The buzz – particularly from investors and major car manufacturers is real – but many car dealers are still struggling to square that enthusiasm with the reality that battery-powered vehicles made up fewer than 2% of U.S. auto sales last year.
In the meantime, auto makers are moving aggressively to expand their electric-vehicle (EV) offerings, with dozens of new models set to arrive in the coming years. Some, like GM, are setting firm targets for when they plan to phase out gas-powered cars entirely. This puts many dealers in a delicate spot: They are trying to adjust, but unsure whether and how fast customers will actually make the switch.
Past attempts by car companies to expand EV sales have largely flopped, saddling retailers with unsold inventory. Even now, some dealers say they are reluctant to stock too many EV models. Car companies have promised for years to make electric cars mainstream, but to date most have produced only low-volume, niche models.
Some shoppers are also unsure, citing a lack of public charging stations.
To solve problems like this, President Biden has said he wants to spend billions of dollars to upgrade the country’s charging infrastructure as part of a push to incentivize battery-powered cars. Ford, GM and other major car companies say they are confident in their new EV offerings and are training dealers to sell and service them.

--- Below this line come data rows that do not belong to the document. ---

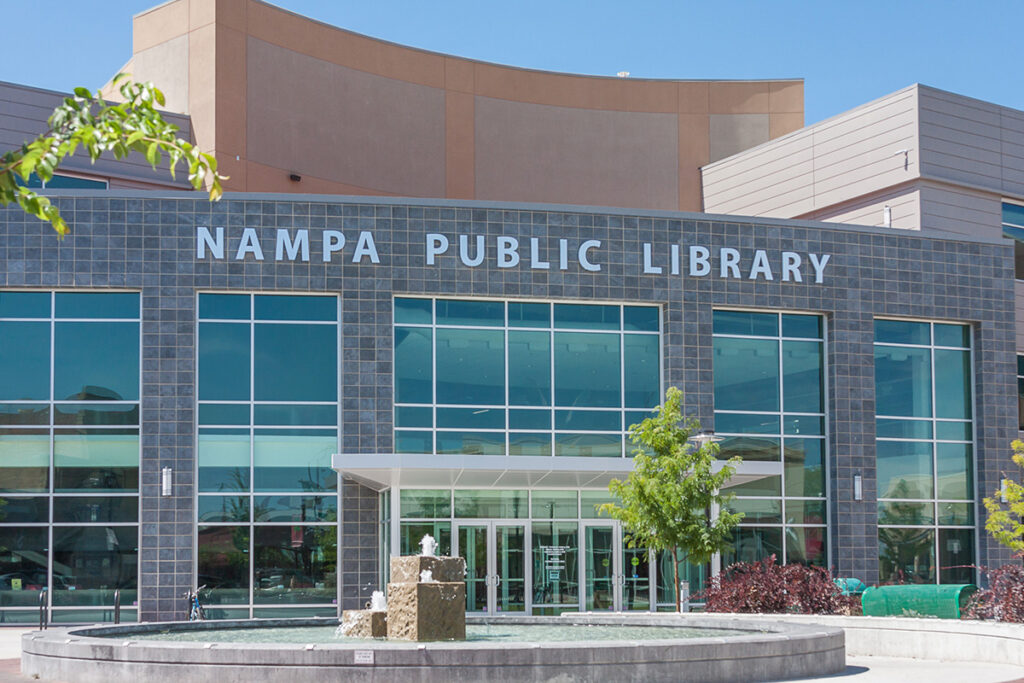 Nampa Public Library exterior with fountain out front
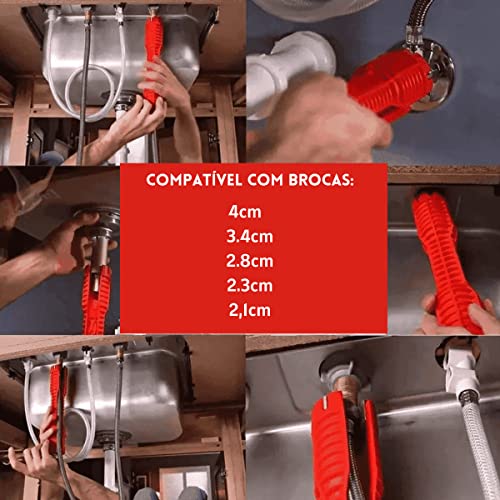 Chave Hidráulica Multifuncional Instalação Manutenção Pias (Vermelho)
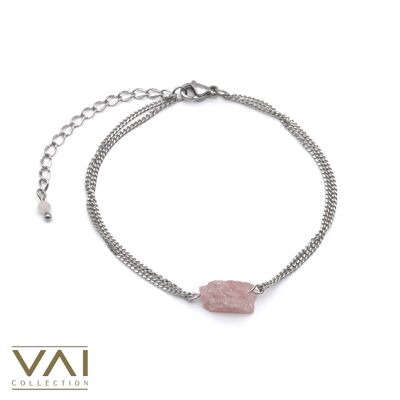 Bracciale “Pinky Peach”, gioielli con pietre preziose, realizzati a mano con quarzo fragola naturale.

But it remains an uphill battle.
Volvo Cars CEO Håkan Samuelsson recently said that all future battery-electric vehicles would be sold exclusively online, and the price would be set centrally, eliminating haggling. Dealerships will still help deliver vehicles to customers and perform other services, like maintenance, he added.
GM recently dropped the sticker price of the all-electric Bolt and helped boost sales for the model in February. But demand remains relatively low.
After dealers figure out how to sell EVs, another problem awaits them in service bays. Service remains a big profit center for dealerships, and EVs typically have fewer mechanical parts and don’t require the same levels of service as gas-engine cars, such as oil changes.